UFFICIALE – Natale si festeggerà 2 MESI prima | Cambia per sempre il calendario, la decisione è arrivata dallo Stato

Natale

Decorazioni natalizie - pexels - emmepress

In Italia, come in molti altri paesi, il Natale è una delle feste più sentite: un momento collettivo di gioia, famiglia, tradizione, riflessione.

Le luci che addobbano le strade, le canzoni natalizie che risuonano nei centri commerciali, il freddo che porta con sé l’odore delle caldarroste e del vin brulè… tutto sembra perfettamente sincronizzato con il calendario: 25 dicembre.

È una data sacra nella memoria culturale italiana, che segna la fine dell’anno liturgico e l’inizio – per molti – di un periodo di festa e di riposo.

Ma che succederebbe se all’improvviso qualcuno decidesse che il Natale debba celebrarsi non a dicembre, ma a ottobre? Se si cambiasse la data, si anticipasse di quasi tre mesi, in nome del “diritto del popolo alla gioia”, o per ragioni politiche?

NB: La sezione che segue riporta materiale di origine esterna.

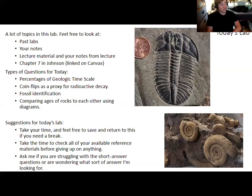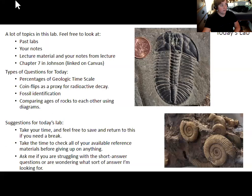Any questions before I close the recording? Some of what I went over in this lab was in a bit more detail than is necessarily needed for the lab — just to give you some context. I'll shut the recording off and I'll be around here to answer questions.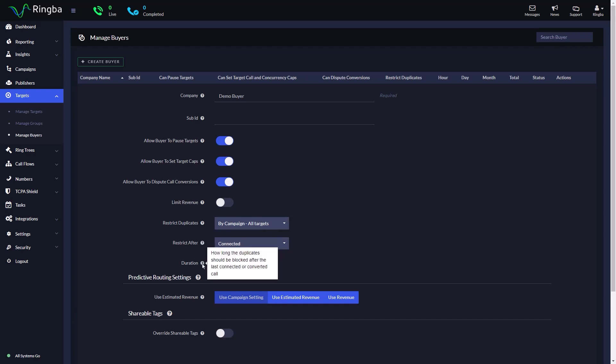You will then choose the duration of time the duplicate call will be blocked after it has been converted or connected. You can set the time to be always, or you can input the number of days you'd like the call to be blocked.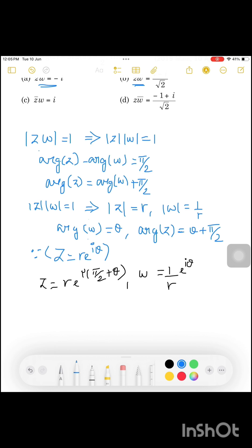So Z equals R·e^(i(θ + π/2)) and the argument of Z is θ + π/2. W equals (1/R)·e^(iθ), and the argument of W is only θ.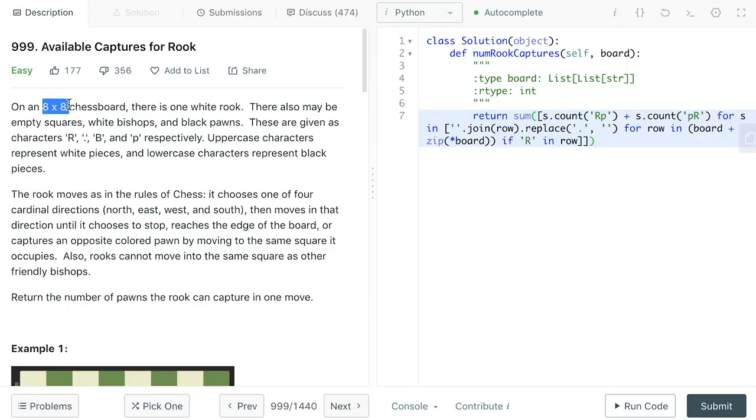Incredible. The time complexity for this question is O(1) since there are at most 64 blocks in our chess board.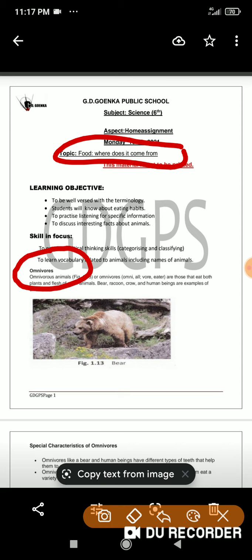As we already know, there are a variety of animals that have been classified and categorized on the basis of their eating habits, and this is the third category we are going to discuss. Omnivores are those animals who are able to eat both animals as well as plants.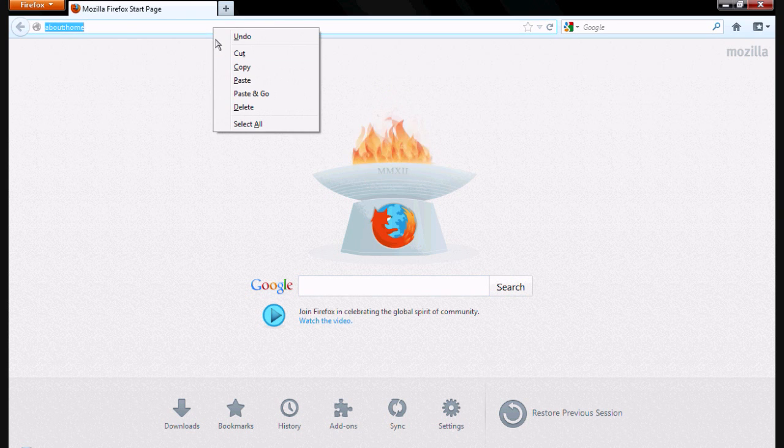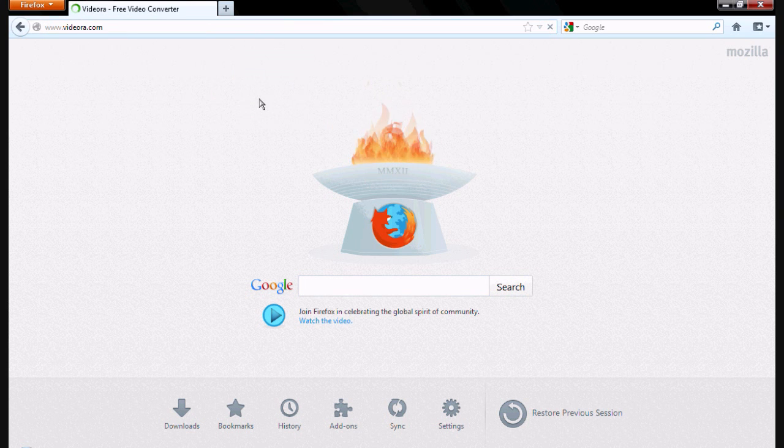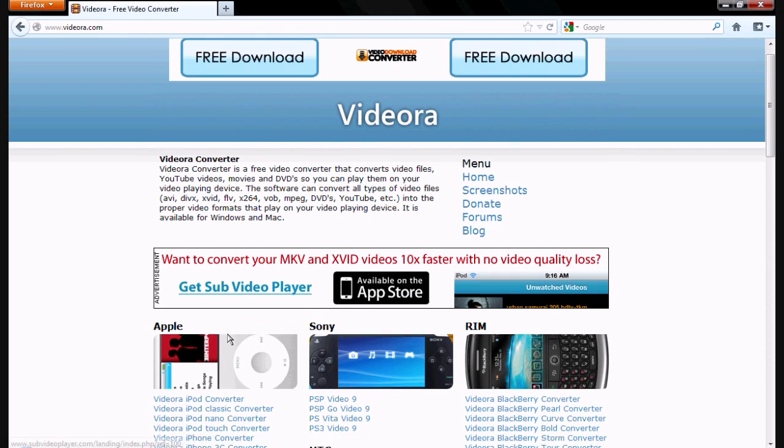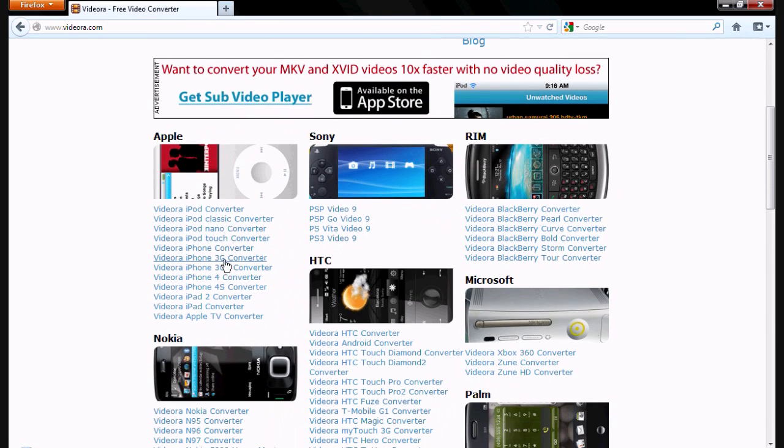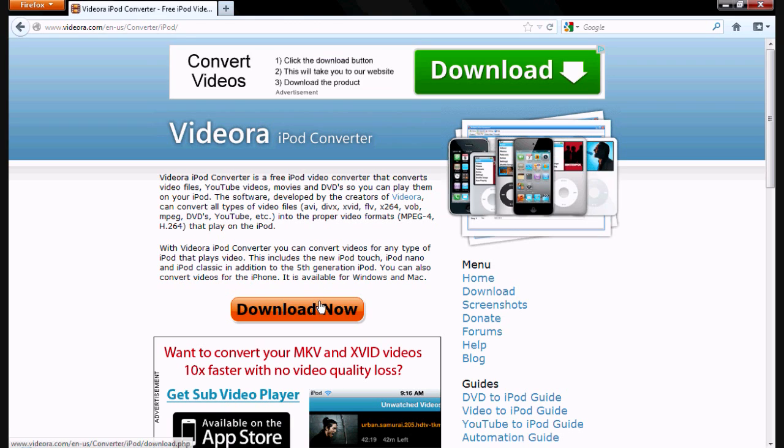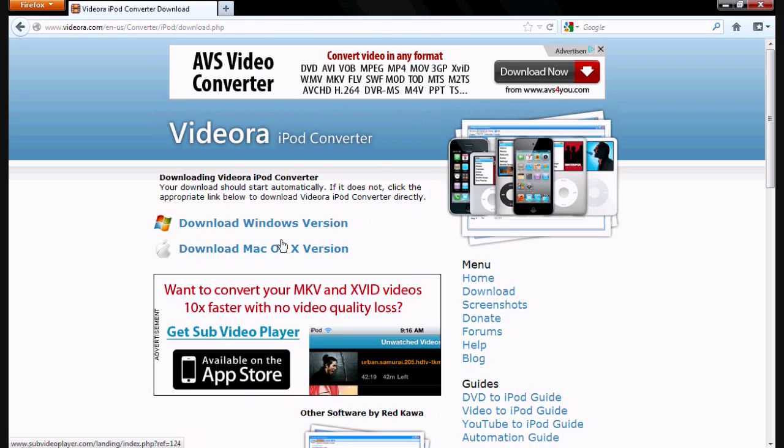First, you're going to go to the internet and go to vdora.com, and then you're going to choose what product you have, and you're going to click on it. Then you're going to download and go through the process.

È una domanda che oggi suona quasi fantascientifica nel contesto italiano, dove il Natale non è solo una festa religiosa ma anche una istituzione sociale, con le sue regole tacite – mercatini, tradizioni famigliari, vacanze scolastiche – rigidamente correlate al calendario tradizionale.

Un impatto profondo

Un simile cambio avrebbe un impatto profondo: su tutta la catena culturale, economica e religiosa. Le comunità cristiane, in particolare la Chiesa cattolica, avrebbero nel diritto canonico e nella prassi liturgica la priorità di definire il calendario liturgico, incluso il Natale. Anticipare la festa significherebbe non solo riscrivere una data, ma sfidare la tradizione ecclesiastica.

Inoltre, c’è l’impatto sociale: negozi che modulano le vendite natalizie, artisti che progettano spettacoli, famiglie che si organizzano per i cenoni, scuole che programmano vacanze. Il Natale non è “solo” una festa, è un pilastro, e spostarlo è molto di più che cambiare un giorno sul calendario.

Cenone
Tavola imbandita per il cenone natalizio – pexels – emmepress

E’ successo in Sudamerica

Sognando ad occhi aperti un’Italia in cui governo o leader locali proponessero di fare una cosa del genere – magari come gesto simbolico per “tensioni” politiche con altri paesi, oppure come strategia propagandistica – si aprirebbe un dibattito enorme. Chi decide cosa è cultura, cosa è festa; quale ruolo hanno le autorità religiose; fino a che punto lo Stato può intervenire su cerimonie che sono anche intime e familiari. E poi: quale sarebbe la reazione dei cittadini? Accetterebbero che il Natale sia “anticipato” per un anno? O lo considererebbero una bizzarria, un sopruso, una strumentalizzazione?

Eppure, sorprendentemente, qualcosa di simile è accaduto altrove. In un paese sudamericano, il presidente ha annunciato che per il suo Stato il Natale sarà celebrato il 1° ottobre, anticipando ufficialmente tutte le festività natalizie. Lo ha fatto “per difendere il diritto del popolo alla gioia, alla felicità e alla cultura”. Era una decisione che già in passato era stata presa in situazioni di tensione. Quest’anno, secondo l’articolo, il gesto sembrava destinato a “dimenticare” recenti tensioni con gli Stati Uniti, creando un clima festivo come strumento anticonflittuale.